— Ну что же вы, дяденька?
Он расплатился с извозчиком и прошел в широкие дубовые двери ресторана. Здесь собиралась разношерстная публика. Вопреки полицейскому запрету, в кабинетах шла азартная игра. Воздух был прокурен. Зал набит битком.
Швейцар принял дорогое английское пальто гостя. Услужливый метрдотель подвел его к столику, где можно было сесть двоим.
— Тебя как зовут? — обратился фон Зон к спутнице.
— Еленой Дмитриевой кличут.
— Стало быть, Алена. Красивое имя! А меня зови Николаем Христиановичем. Будем теперь дружить. Ты не пожалеешь, Алена!
Вскоре к их столику подошел молодой человек в тужурке, которые обычно надевали рабочие по праздничным дням.
— Это мой братец, — кивнула на него Алена. — А это Николай Христианович.
Невысокий, тщедушный человек с приподнятым правым плечом протянул влажную ладонь, представился:
— Максим Иванов!
— Ради приятного знакомства следует выпить! — предложил фон Зон.
Мужчины выпили водки, а девица шартрезу. Старавшийся казаться развязным, Максим с налетом важности произнес:
— Вижу, что вы человек благородный. Однако моя сестрица по своей юной неопытности имеет к вам сильные чувства. А ей, между прочим, негоже находиться в таком месте, как «Эльдорадо».
— Я готов пригласить…
— Извиняйте, но это нетактично. Мы приглашаем вас к себе.

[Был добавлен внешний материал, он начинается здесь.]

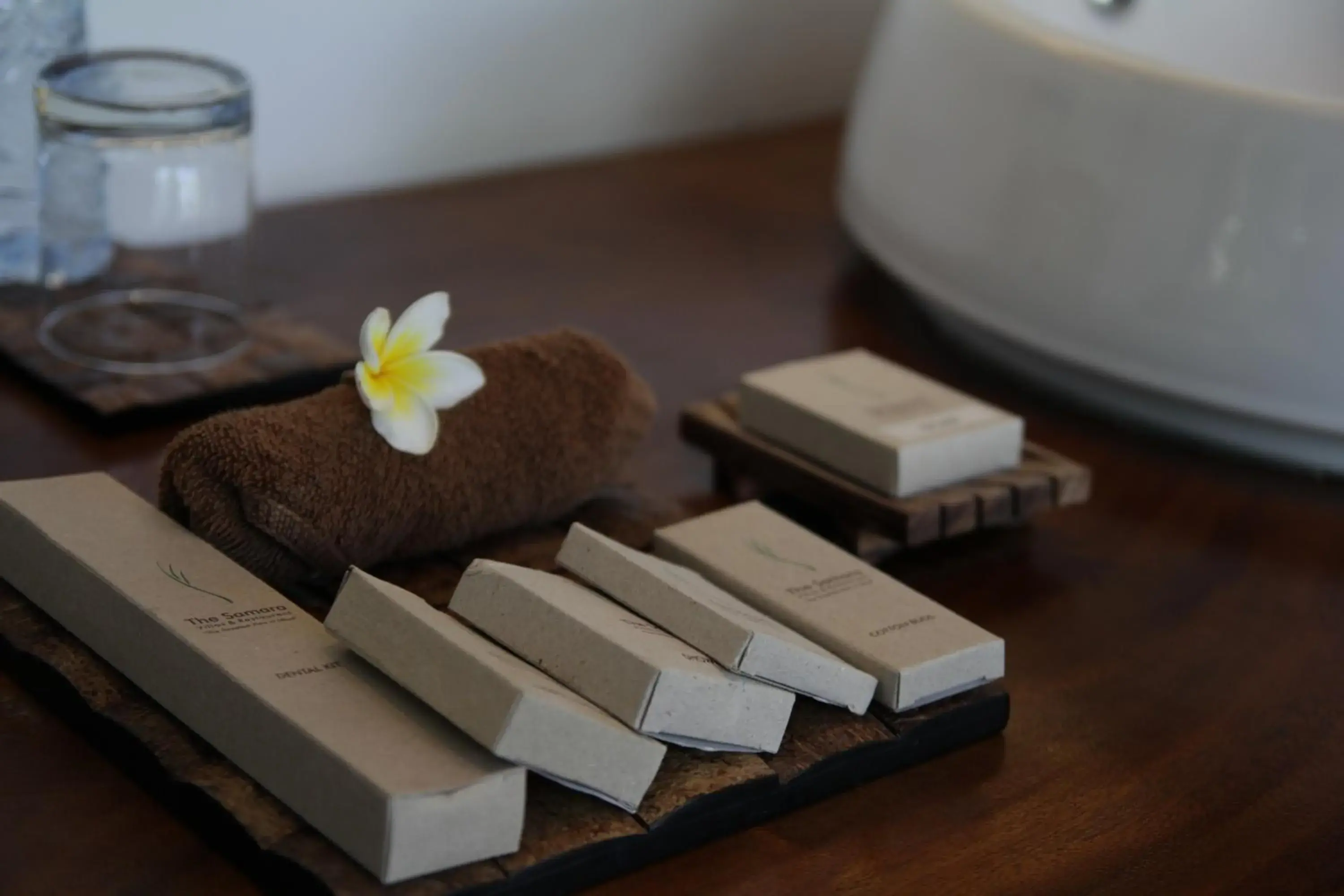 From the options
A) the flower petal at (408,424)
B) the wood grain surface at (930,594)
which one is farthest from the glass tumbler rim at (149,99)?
the flower petal at (408,424)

— Весьма рад! Официант, получи, — и фон Зон швырнул, не считая, деньги. — И вызови какой-нибудь экипаж.
Мы едем, так сказать, знакомиться.
Все двинулись к выходу. Фон Зон ступал весьма нетвердо: нынче было выпито с излишком.
Едва опустившись на сиденье экипажа, фон Зон тут же крепко уснул. Пробудился он, лишь когда его спускали по небольшой, но крутой лестнице какого-то дома.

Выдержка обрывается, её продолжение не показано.